La ricerca della società target è la parte forse meno evidente, anche per ovvie ragioni di riserbo, ma più importante di tutta l’operazione. Quando Isi 1 si è fusa con Lu-Ve, i promotori hanno rivelato di aver avuto contatti non fugaci (e cioè scambi di informazioni, sottoscrizione di un patto di riservatezza, valutazioni e perizie fino alle soglie della due diligence) con ben 60 imprese di analogo calibro. Questo dà l’idea di quanta fame di capitale e di quanta volontà di fare impresa circolino nel mondo delle Pmi italiane.

In fase di collocamento la Spac deve indicare nel primo documento informativo, sia pure a grandi linee, il settore industriale, le caratteristiche del target potenziale, le aree geografiche d’interesse. In molti casi il settore è generico, con riferimento per esempio al Made in Italy, al lusso, alle cosiddette “3 effe” (food, fashion, furniture), che in fondo possono includere quasi tutto, fonderie e meccanica escluse.
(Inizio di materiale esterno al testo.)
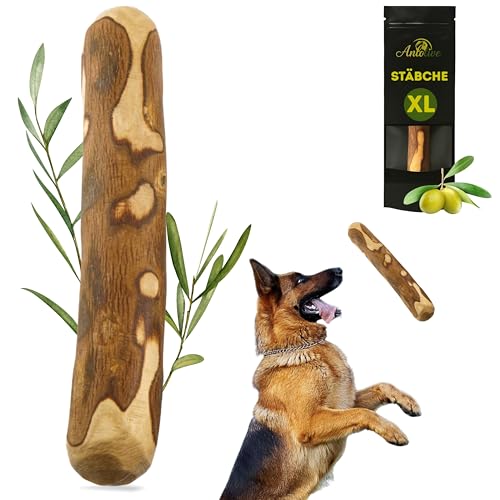 ANLOLIVE | 1 Stiel XL| 25 bis 27 cm – Natürliches Olivenholz Beißring für große Hunde: Gesund | Hilft Angst zu reduzieren von Anlolive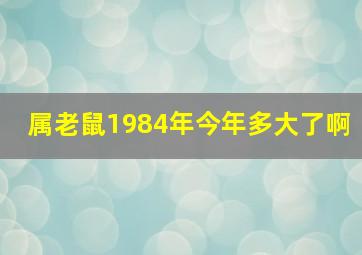 属老鼠1984年今年多大了啊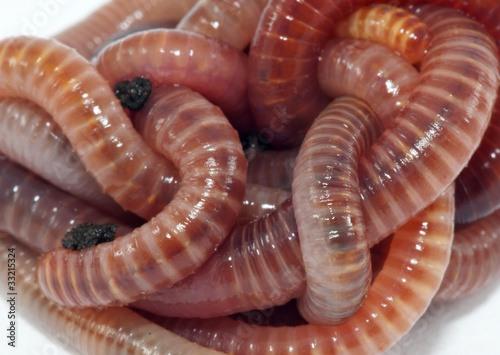 Photo: Worms Worms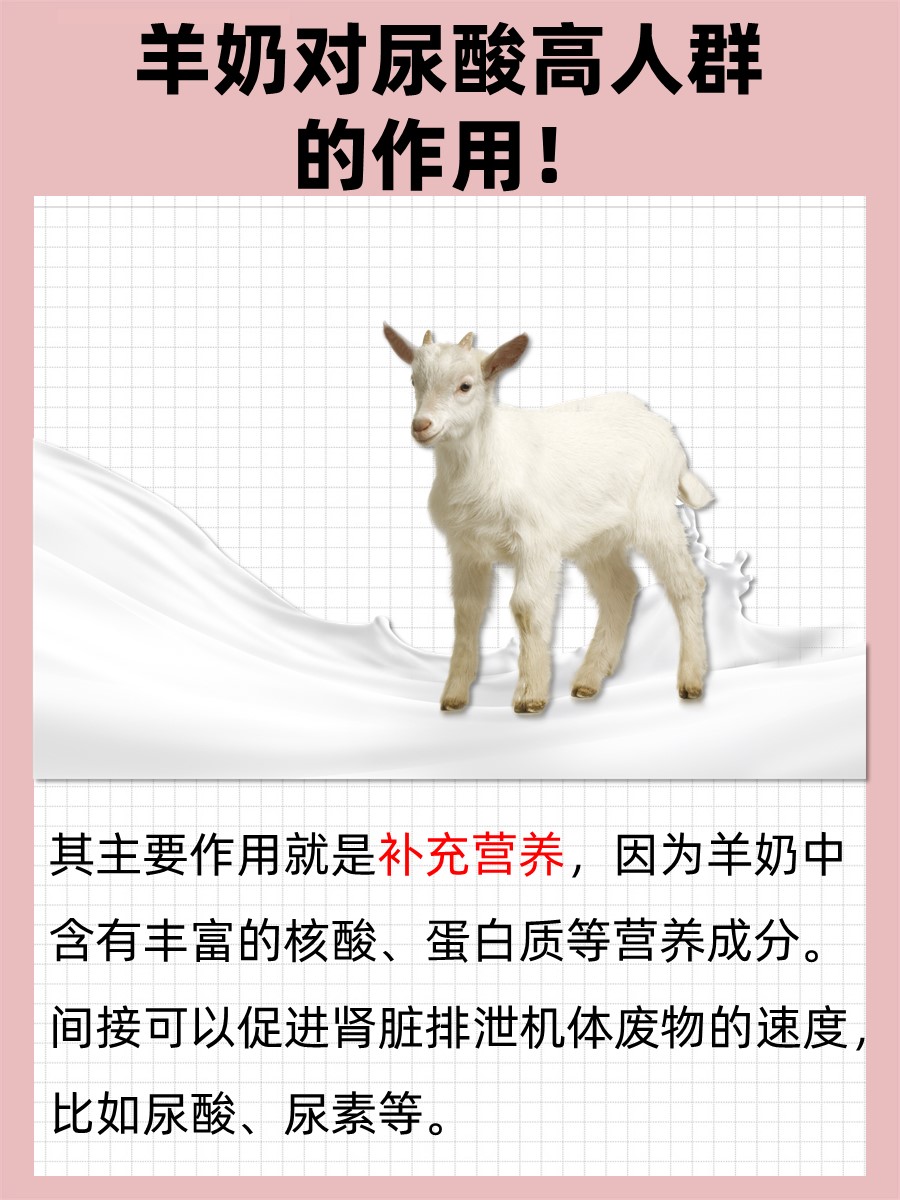 羊奶对尿酸高有什么作用？一文解析
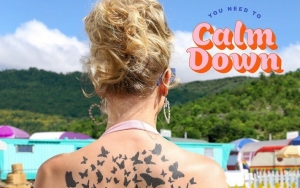 Listen: Taylor Swift Blasts Trolls on New Song 'You Need to Calm Down' 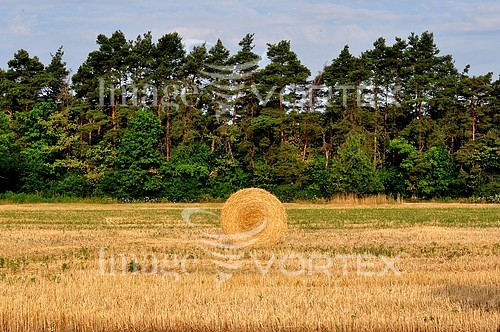 Industry / agriculture royalty free stock image #366888289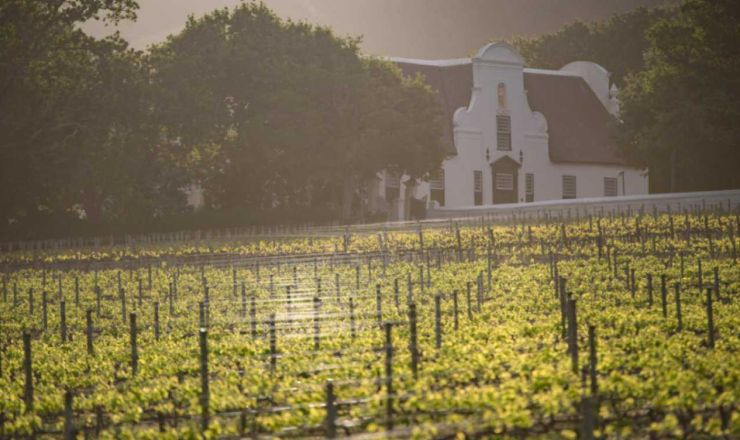 Feature Image Groot Constantia
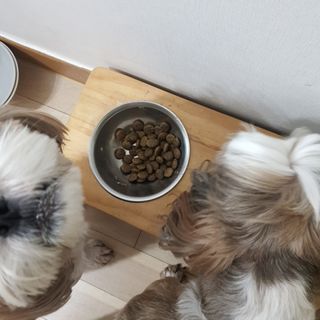 민준맘님이 올린 리뷰 사진 2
In alcuni casi, invece, il settore d’investimento è chiaramente delimitato all’origine: per esempio, Glenalta Food fin dal nome ha circoscritto la sua ricerca all’agroalimentare, e si è poi unita con il gruppo Orsero.

La business combination completa il percorso. Ma in teoria, se l’obiettivo non è perseguito, può anche essere sostituita dalla liquidazione. Il capitale della Spac non può restare a sonnecchiare per un tempo indeterminato. Dopo 24 mesi o è investito o è liquidato. E anche quando il target sia centrato, il singolo investitore può sempre tirarsi indietro ed esercitare il diritto di recesso, ovviamente ai prezzi di borsa del momento. Ad ogni nuova quotazione, ormai sempre più frequente, Barbara Lunghi, responsabile del mercato primario di Borsa Italiana, osserva che le caratteristiche del nostro tessuto economico rendono l’Italia il mercato di riferimento europeo delle Spac.

In tutto questo scenario che premia lo spirito imprenditoriale e le Pmi italiane di origine familiare, è naturale chiedersi quale ruolo giochino le imprese emiliano-romagnole, che dovrebbero essere fra i target più appetibili e ricercati, e anche fra i più disponibili e interessati. Non è così. Per il momento le Spac non vanno a caccia in Emilia-Romagna o, se lo hanno fatto (com’è probabile) non hanno trovato terreno fertile. Eppure è modenese purosangue Gino Lugli, ex manager di Ferrero, fondatore con Luca Giacometti di Glenalta Food (di cui si è già detto) e poi di Glenalta, quotata dal 19 luglio scorso dopo aver raccolto 98 milioni di euro da investire in un target generalista. Il milanese Giovanni Cavallini, fra molte altre cose, ha guidato per oltre dieci anni (come Ad e poi presidente) il gruppo reggiano Interpump, fondato negli anni ’70 da Fulvio Montipò. Infine Matteo Storchi, amministratore delegato ed erede di un altro gruppo meccanico reggiano, Comer, in un’intervista a Corriere Imprese Emilia-Romagna sulle prospettive di crescita del gruppo, ha ammesso di considerare la Spac un’ottima soluzione per portare in Borsa la sua azienda senza perderne il controllo.